• 07:00:00 am on August 5, 2008 | 6
    Tags: , , ,

    Not My Job

    One very interesting thing about we few and proud in the customer service and support industry is that we all lead a double life.  Not only are we analysts or directors or designers or engineers or marketers of customer service software solutions; we are also customers, the beneficiaries (or victims as the case may be) of our own efforts to improve customer service.  As such we have an almost limitless supply of experience and anecdotes, based on being a customer, to draw from for inspiration and insight.

    Just yesterday, I was attempting to fill my car with gasoline at a self-service pump.  No matter what I did with the nozzle and its associated pump mechanism the pump refused to dispense fuel.  Instead, the display just kept flashing the message, “Lift Pump Handle to begin Pumping Gas”.  After several attempts to convince the machine that I had already lifted the indicated pump handle it decided that I wasn’t really serious about my intention to get gas and cancelled my transaction.  Time to escalate (using the terminology of our industry) and get assistance from the kind and eager attendant inside.  Noting the number stenciled on the side of the obstinate device, I set off on my quest for help.

    Now I wish I had video of what occurred next because at least as much, if not more, was communicated in facial expression and tone of voice but the brief conversation went something like this:

    attendant: “Yes?

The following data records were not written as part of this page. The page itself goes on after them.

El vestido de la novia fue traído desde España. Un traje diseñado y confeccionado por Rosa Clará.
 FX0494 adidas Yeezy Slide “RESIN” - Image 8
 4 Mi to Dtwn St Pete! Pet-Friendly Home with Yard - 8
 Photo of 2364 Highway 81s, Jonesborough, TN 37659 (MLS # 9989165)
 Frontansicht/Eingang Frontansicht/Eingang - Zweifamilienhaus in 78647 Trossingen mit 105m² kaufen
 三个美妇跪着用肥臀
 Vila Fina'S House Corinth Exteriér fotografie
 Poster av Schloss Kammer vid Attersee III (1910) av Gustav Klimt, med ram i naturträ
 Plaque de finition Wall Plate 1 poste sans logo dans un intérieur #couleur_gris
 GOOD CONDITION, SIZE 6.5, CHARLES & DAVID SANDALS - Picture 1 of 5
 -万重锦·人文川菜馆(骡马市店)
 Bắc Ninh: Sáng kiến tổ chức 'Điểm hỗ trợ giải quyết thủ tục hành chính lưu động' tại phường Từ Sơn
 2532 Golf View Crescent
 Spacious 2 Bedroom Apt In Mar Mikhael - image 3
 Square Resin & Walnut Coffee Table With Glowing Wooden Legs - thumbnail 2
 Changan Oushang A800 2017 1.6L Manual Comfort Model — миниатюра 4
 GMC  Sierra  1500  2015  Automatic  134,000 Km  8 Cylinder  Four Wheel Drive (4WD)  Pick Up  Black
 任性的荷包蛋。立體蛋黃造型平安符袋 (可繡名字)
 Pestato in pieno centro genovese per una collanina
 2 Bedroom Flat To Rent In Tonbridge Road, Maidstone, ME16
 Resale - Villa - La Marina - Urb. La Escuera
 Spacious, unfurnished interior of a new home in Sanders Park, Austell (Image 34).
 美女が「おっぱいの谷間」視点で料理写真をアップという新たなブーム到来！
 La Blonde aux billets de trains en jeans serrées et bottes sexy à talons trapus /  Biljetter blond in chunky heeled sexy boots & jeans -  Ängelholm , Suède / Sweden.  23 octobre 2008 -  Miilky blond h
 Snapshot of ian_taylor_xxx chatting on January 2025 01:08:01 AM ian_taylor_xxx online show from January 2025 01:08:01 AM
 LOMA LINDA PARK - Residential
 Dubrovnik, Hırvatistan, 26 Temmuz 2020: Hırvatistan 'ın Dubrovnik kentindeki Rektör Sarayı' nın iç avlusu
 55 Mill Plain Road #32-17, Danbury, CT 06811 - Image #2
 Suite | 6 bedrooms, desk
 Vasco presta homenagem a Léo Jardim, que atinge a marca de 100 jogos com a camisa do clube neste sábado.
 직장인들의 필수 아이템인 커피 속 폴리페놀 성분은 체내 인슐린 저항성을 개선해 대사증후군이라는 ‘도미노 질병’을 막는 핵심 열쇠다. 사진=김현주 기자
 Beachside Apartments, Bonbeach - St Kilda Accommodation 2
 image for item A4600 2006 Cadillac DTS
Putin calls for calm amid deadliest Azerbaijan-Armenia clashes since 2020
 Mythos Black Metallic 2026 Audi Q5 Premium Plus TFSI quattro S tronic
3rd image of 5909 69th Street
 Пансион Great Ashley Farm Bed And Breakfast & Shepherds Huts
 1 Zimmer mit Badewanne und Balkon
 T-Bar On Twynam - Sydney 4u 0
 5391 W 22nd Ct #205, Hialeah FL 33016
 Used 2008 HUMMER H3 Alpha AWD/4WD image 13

May I help you?”

    me: “I just wanted to let you know that pump #9 isn’t working; it seems to be broken.”

    attendant: (rolling eyes and sighing as if explaining something completely obvious) “You could move to a different pump.”

    me: “Well, yes, of course I’ll do that. But I thought you might like to know that it’s broken.”

    attendant:  (Doesn’t say anything but stares back at me, blinking, with a look of bewilderment that clearly says that she thinks this is probably the stupidest thing she’s heard all week.)

    me: “Maybe you could call someone to fix it. Or at least put a sign up so no one else wastes their time on it.”

    attendant:  (Now a look of concern like maybe she should call someone – like 911)  “Ooookay.” (She had decided to humor me and hope I went away.)

    I went away, filled my car at a working pump and left, pondering on what the world was coming to.

    How could the concept of taking some action seem so totally alien to this attendant?  Later I started thinking about the similarities this scenario had to other experiences I’ve had and heard about in other customer service situations.  How much additional aggravation – and cost – could be avoided if agents had the ability and the direction to post a notice when they discover something isn’t working?  The concept is at the core of Knowledge Centered Support’s (KCS) “flag it or fix it” doctrine.  Most agents want to be as helpful as possible or they wouldn’t have sought a job in customer service in the first place.  But too often they’re working under pressure to just get to the next call.  They may have even been trained that it’s someone else’s job to fix unanticipated issues and that they are only to handle items for which they have scripts ready made.  Call guides and scripts have their place but the bottom line is that customer service organizations won’t consistently see customer satisfaction rise and costs of repeatedly fielding the same issues go down until that most basic of KCS methodologies is adopted and agents can take a few seconds to alert their peers when they run into something new and, ideally, what they tried to resolve it.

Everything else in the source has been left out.